Back in December eBay had what many presumed was an automated bots gone wild situation with a massive wave of accounts being permanently suspended from the platform that inadvertently took down many legitimate accounts.
It's not uncommon to see these complaints about being banned after creating an account, but they do seem to come in waves and I'm definitely seeing more reports cropping up in the last week or so, along with reports of receiving errors when trying to complete eBay's verification process.
For almost 20 years, Nicola Morrison had enjoyed buying and selling small items on her favourite online marketplace.
But she was stunned when, out the blue, she received an email from eBay saying that her account had been suspended after it was deemed a “risk to the community”...
...Nicola was further dismayed when she was told that there was no way to appeal against the suspension.
It's also interesting to note several recent observed changes or explicit updates that may be related to account security on eBay.
Prevention, detection, mitigation and investigation of fraud, security breaches and other prohibited or unlawful activities, including the assessment of corresponding risks (e.g. through the use of captchas, a port enumeration technology to identify user sessions using remote desktop tools or the telephone number stored in your eBay account for risk assessments and two-factor authentication), unless there is a statutory obligation to this effect.
In the recent User Agreement update, eBay explicitly states users must agree to not share their log in credentials with any third parties, the first time I can remember eBay calling out Multi-User Account Access specifically as a security feature.
In connection with using or accessing our Services you agree to comply with this User Agreement, our policies, our terms, and all applicable laws, rules, and regulations, and you will not:...
...share your log in credentials with any third parties. If you require that authorized third parties (employees, agents, etc) have access to your account we offer a Multi-User Account Access program for that purpose.
And Twitter user, FidoMaster shared what appears to be eBay testing out a new session timeout feature which would require uses to log in again after a period of inactivity - a security feature that was rightly applauded.
While some of these security measures my lead to friction or annoyance for legitimate users, it's encouraging to see that someone at eBay at least seems to be waking up to the account takeover fraud that appears to be happening on the site.

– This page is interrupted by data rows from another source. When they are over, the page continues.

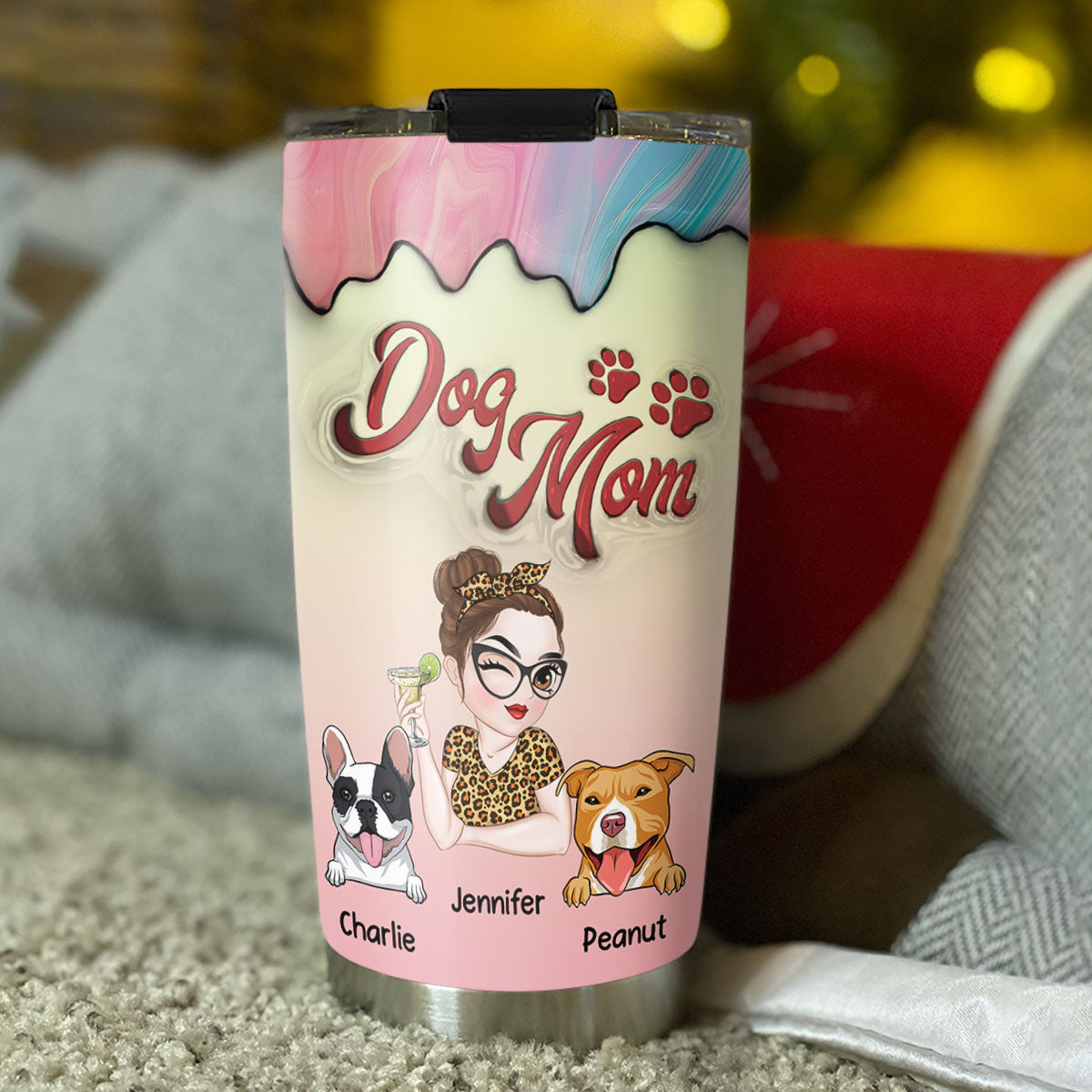 My Lovely Dog - Customizable 3D Inflated Effect Personalized 20oz Stainless Steel Tumbler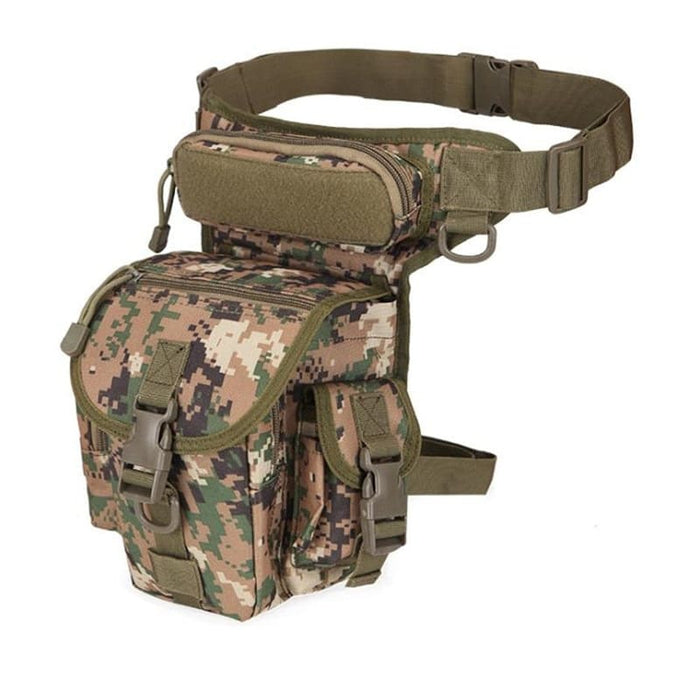 Military leg bag jungle digital cce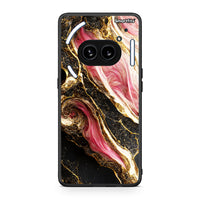 Thumbnail for Nothing Phone 2a Glamorous Pink Marble θήκη από τη Smartfits με σχέδιο στο πίσω μέρος και μαύρο περίβλημα | Smartphone case with colorful back and black bezels by Smartfits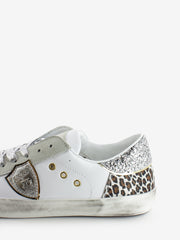 PHILIPPE MODEL JUNIOR - Sneakers Prsx white / silver / leopard / gold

I reported over 150 suspected hijacked accounts engaging in triangulation fraud to eBay back on 2020.
Multiple times a week, users identify and report compromised accounts being used to create thousands of fraudulent listings for cars as well as high end Rolex watches, trading cards, and more!
If eBay really is starting to take steps to address account security issues on the platform, I'm all for it. However, they're going to have to do a whole lot better than the broken verification links and AI powered dragnets that appear to be catching a lot of legitimate accounts in the crossfire with no clear way to appeal and recover banned accounts.